Identify each line below that contains the word "with", and copy it out.

▶ [THE INPUT]:

━━━━

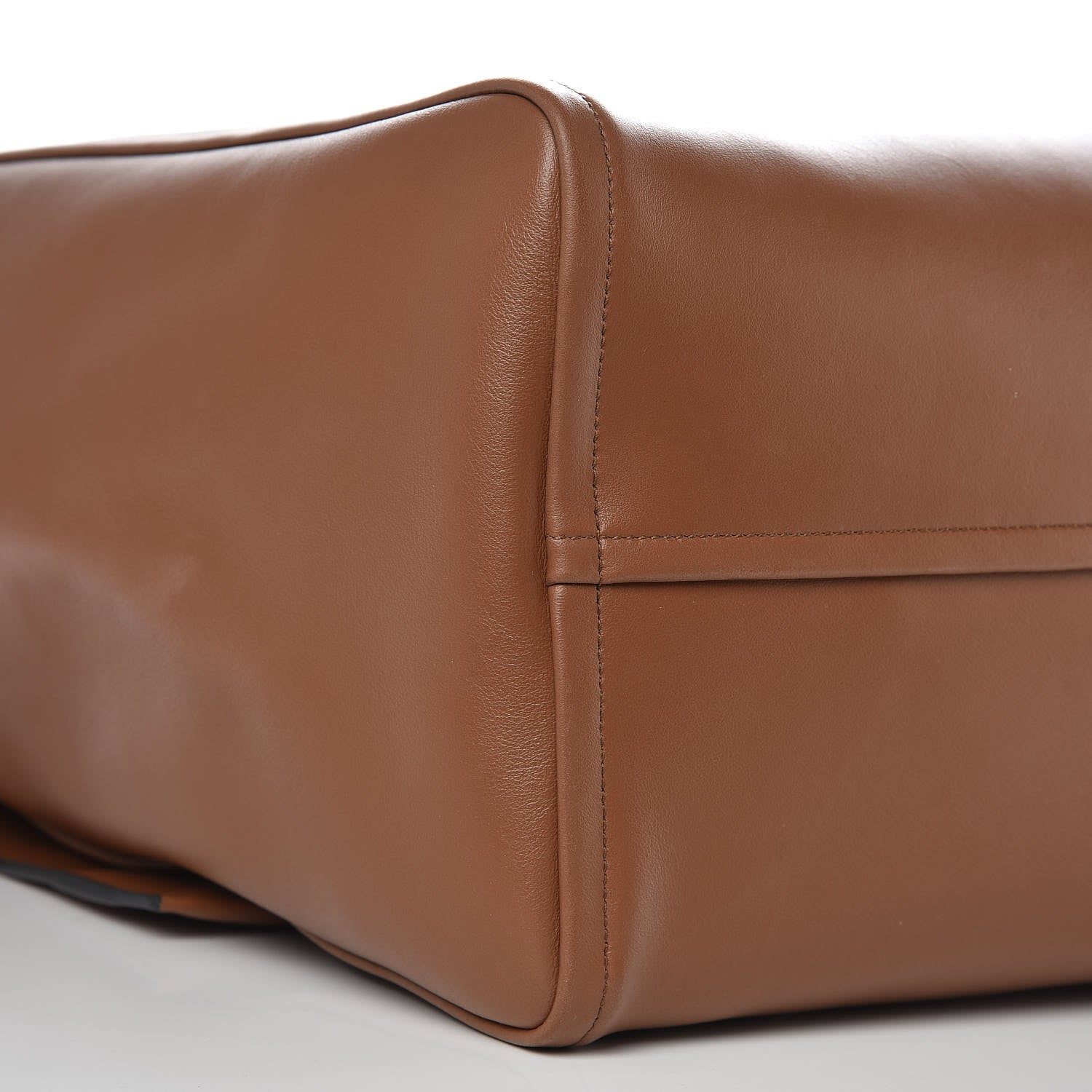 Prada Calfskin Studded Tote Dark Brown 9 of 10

━━━━

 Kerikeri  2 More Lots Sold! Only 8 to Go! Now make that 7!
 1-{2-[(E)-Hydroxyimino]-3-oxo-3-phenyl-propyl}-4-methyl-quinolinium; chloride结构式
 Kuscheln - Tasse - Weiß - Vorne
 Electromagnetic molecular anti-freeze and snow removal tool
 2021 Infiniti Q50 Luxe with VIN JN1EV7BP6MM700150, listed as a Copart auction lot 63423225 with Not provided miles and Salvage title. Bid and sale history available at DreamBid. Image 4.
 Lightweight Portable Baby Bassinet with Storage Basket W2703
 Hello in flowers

━━━━

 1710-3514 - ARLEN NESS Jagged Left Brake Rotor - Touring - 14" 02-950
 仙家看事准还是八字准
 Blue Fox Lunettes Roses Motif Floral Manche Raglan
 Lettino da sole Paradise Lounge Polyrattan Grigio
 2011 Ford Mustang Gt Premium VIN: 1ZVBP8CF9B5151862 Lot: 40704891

━━━━

▶ [WRITTEN REPLY]:
 2021 Infiniti Q50 Luxe with VIN JN1EV7BP6MM700150, listed as a Copart auction lot 63423225 with Not provided miles and Salvage title. Bid and sale history available at DreamBid. Image 4.
 Lightweight Portable Baby Bassinet with Storage Basket W2703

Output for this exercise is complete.